Technical Articles

Ham Radio Tech: RF Safety—In the Field

This is the second installment of a two-part article about RF when you are operating “in the field,” meaning away from a fixed station.

For example, when you are operating a portable station for Parks On The Air (POTA), that’s considered “in the field” whether you are in an actual field or a parking lot or not even outside. Field Day certainly qualifies in most cases. In both parts of this article, the RF from your transmitted signal is what we’re concerned with.

Mechanical Concerns

We can start with some non-RF considerations that are certainly related to antennas, but not the radiated RF.

Most antennas used in the field are either ground-mounted or lower in height than at a fixed station. This, combined with the likelihood of their being in a public space, presents a variety of hazards to passers-by and other visitors. Your goal is to keep people from walking into, tripping over, touching, or otherwise getting too close to the antennas and feed lines.

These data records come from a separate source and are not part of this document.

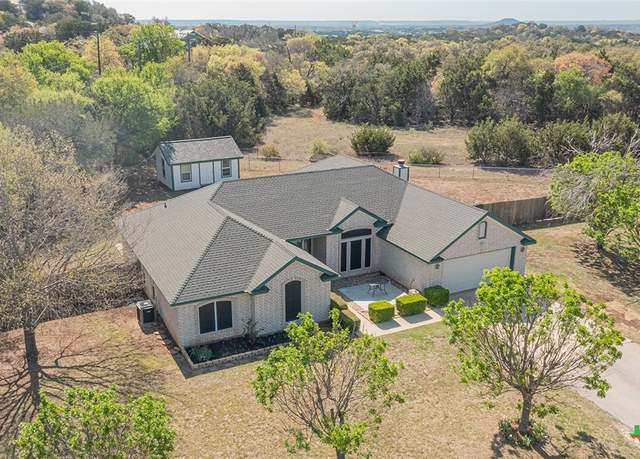 Property at 2010 Stagecoach Rd, Killeen, TX 76542, 4 beds, 2 baths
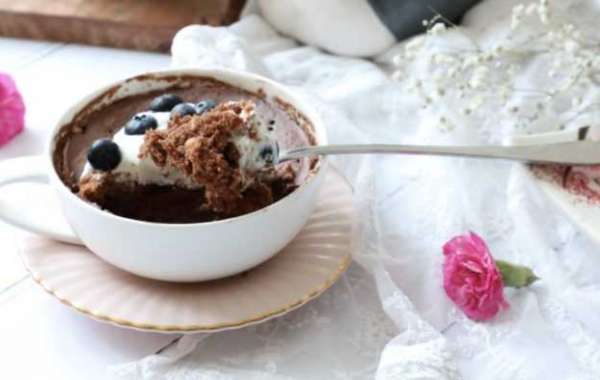 O melhor (e mais saudável) bolo de cacau faz-se com apenas 4 ingredientes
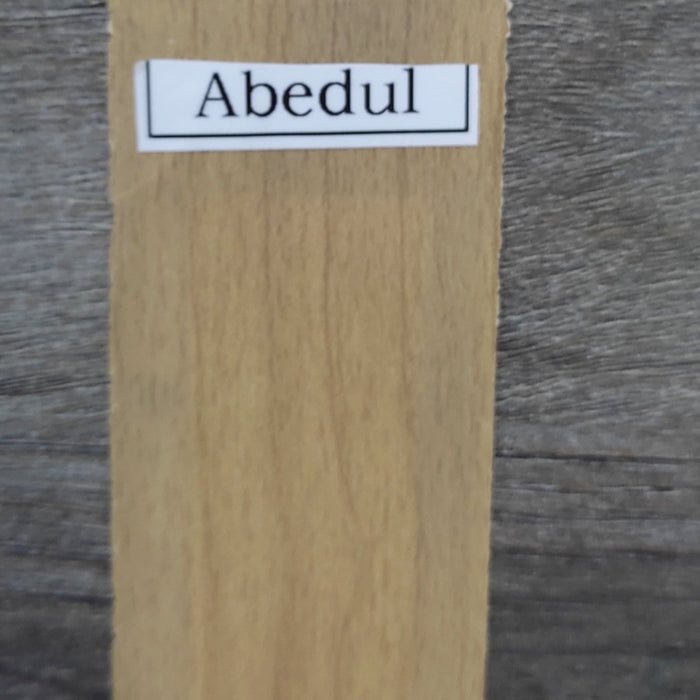 Junquillo 18mm Laminado 2.4mts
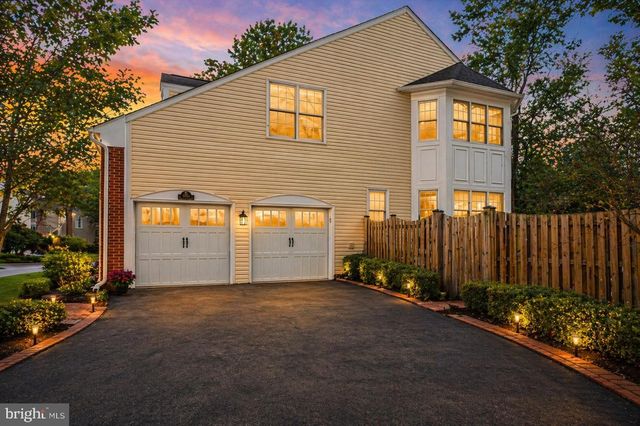 9315 HALLSTON CT, Fairfax Station, VA 22039
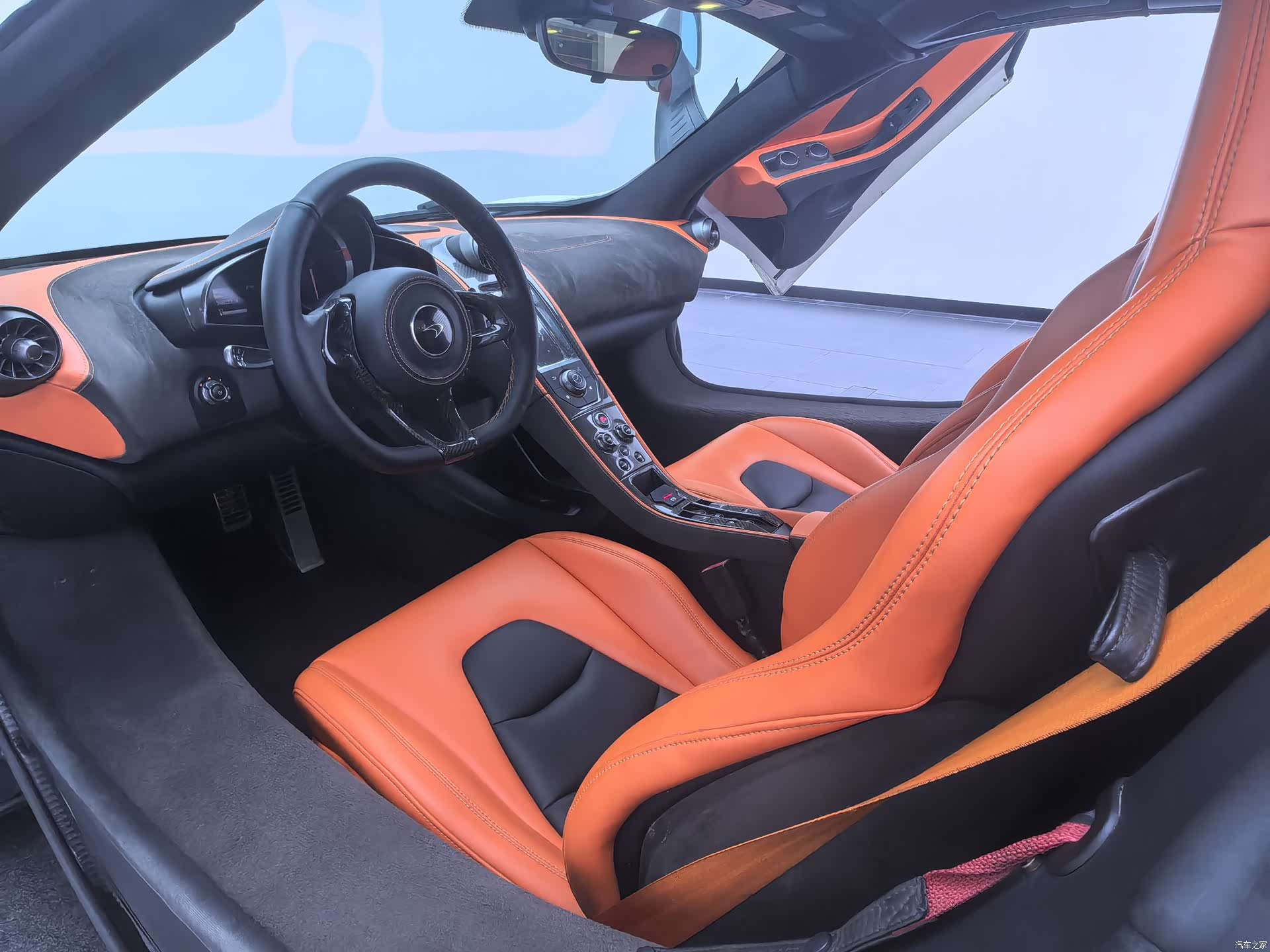 McLaren 12C, 2014 7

The photo below shows a typical portable station with a table, tarp, and temporary antenna about 20 feet away in the background.

ham radio operator at a station under a tent
Carl, AE0CJ, and I operated from the grounds of Missouri’s first capitol to celebrate the state’s bicentennial. Note that the tripod-mounted antenna takes advantage of the property fence to help keep other visitors from getting too close. Below is another photo of the antenna. (Image/Ward Silver, NØAX)
portable antenna set up in a backyard
(Image/Ward Silver, NØAX)

You can see the yellow rope placed around the antenna as a warning not to get too close. Plastic fence posts were used to hold the rope. Yellow caution tape is inexpensive and even more visible. Remember that many parks prohibit sticking anything in the ground, even for safety. In such cases, orange traffic cones are a good compromise.

Feed lines and power cords present a tripping hazard to both visitors and operators. If allowed, a stake in the ground next to the cables with a bit of yellow caution tape marks their location and can secure the cables. I always tie or secure the cables to a table leg so that if something does happen, the equipment is not dragged off onto the ground. (Don’t ask me how I learned to do this…)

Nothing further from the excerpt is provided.